And now replace the Production Designer with an Artificial Intelligence agent, akin to Apple’s Siri, but inherently way more sophisticated. This agent will take propositions from the Director, or suggest something of its own accord. And then it will adjust the models, the textures and the 3d characters, all in real time, based on the Director’s input.  Fine level control will always be possible, but I think the tools will get there, that it will be lightning fast, to change the physique of the characters and the appearance of the surroundings.

Change the character’s skin color, make her just a little bit older, give her more freckles on that side of the face, give her a summer dress and a hat. Now take this character and put her in this scene of where she been in a mild car crash. Rip up her clothes, give her scars, here and there, and so on and on.  All of this done in real time, in a conversational manner, in VR space.

Ultimately, I am not saying that the modeler, the texturer and all these noble, and highly specialized jobs will become superfluous. Far from it, but with the use of these highly evolved A.I. agents, the coarse part of the job might be both greatly simplified, and accelerated.

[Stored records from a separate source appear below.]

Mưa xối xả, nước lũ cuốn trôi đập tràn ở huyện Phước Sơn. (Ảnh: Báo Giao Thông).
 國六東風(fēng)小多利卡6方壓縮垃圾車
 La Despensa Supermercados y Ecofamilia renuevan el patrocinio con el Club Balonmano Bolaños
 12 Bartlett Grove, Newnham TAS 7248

“This is a sophisticated audience that processes multiple streams of information faster than ever before, and craves a deeper connection to the content that can be shared across social profiles. The virtual experience is the new theatrical experience, whereby the 21st century viewer is unable to distract themselves with the second (and third, and fourth) screen. Here exists an outlet to control and capture their undivided attention. A new means for escapism.” – David Beard

Redefining the narrative

I’ve looked at the visual side of this potential narrative. And although this represents a huge challenge, I believe that the biggest hurdles are the narrative itself, and the characters’ psychology populating this story. How openy or closed do we tell the story? How much control do we give over to the person experiencing this dramatic narrative?

Just to get this out of the way first. There will be countless approaches to the narrative itself in VR. But what I am interested, and will propose, is sometimes labeled as “The Participant Active” experience.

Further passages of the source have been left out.